** Data excerpts **

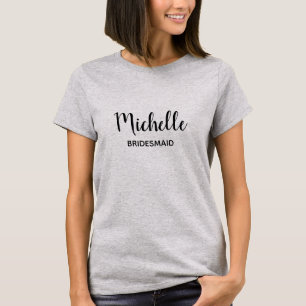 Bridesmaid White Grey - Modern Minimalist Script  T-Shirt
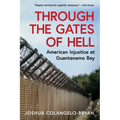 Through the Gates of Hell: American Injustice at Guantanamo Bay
---
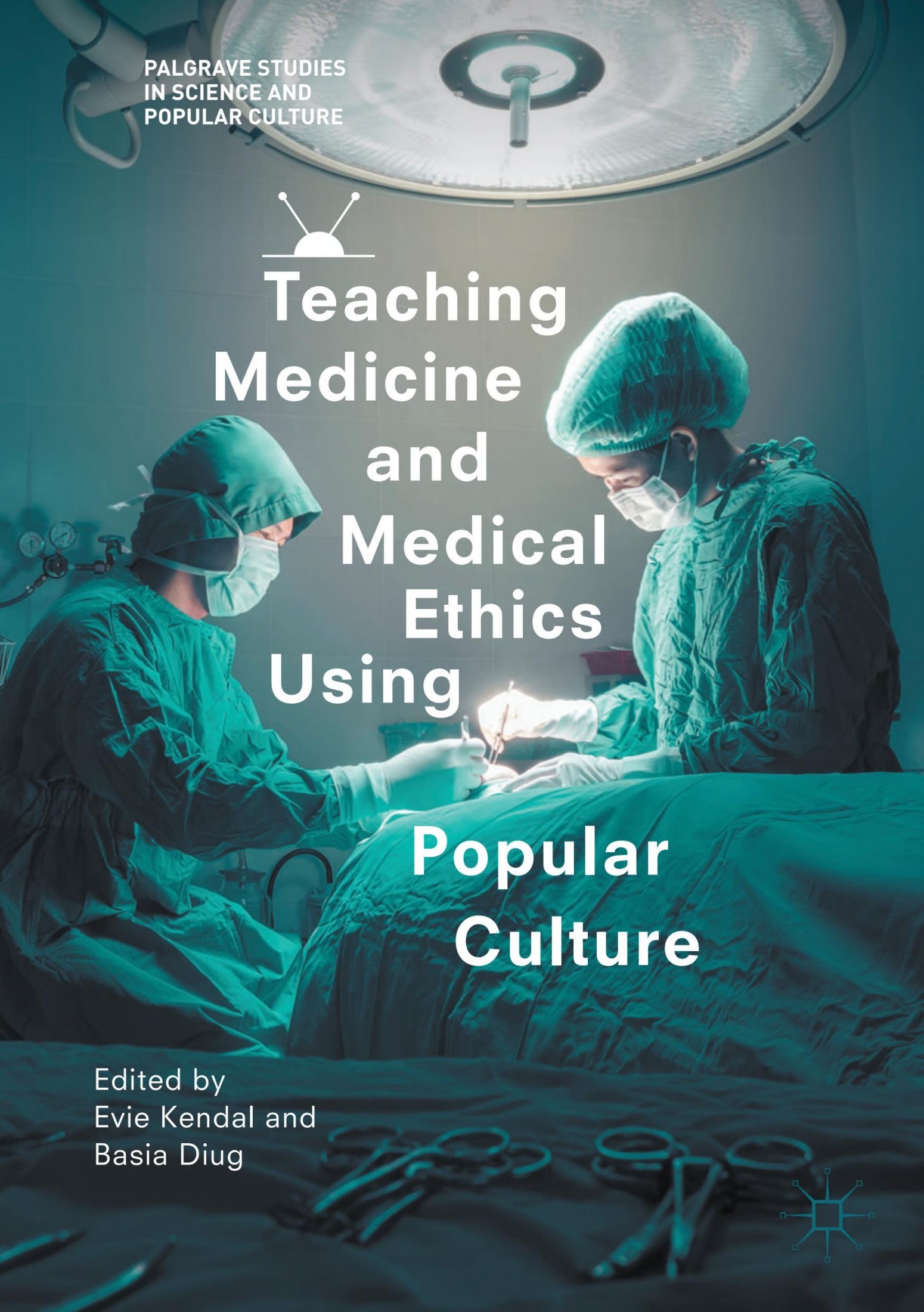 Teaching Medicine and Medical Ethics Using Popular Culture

** Work item **
Find the line with "Bridesmaid White Grey" and the line with "Through the Gates" in the records above. Copy both and all lines between them exactly, without pictures.

** Answer space **
 Bridesmaid White Grey - Modern Minimalist Script  T-Shirt
 Through the Gates of Hell: American Injustice at Guantanamo Bay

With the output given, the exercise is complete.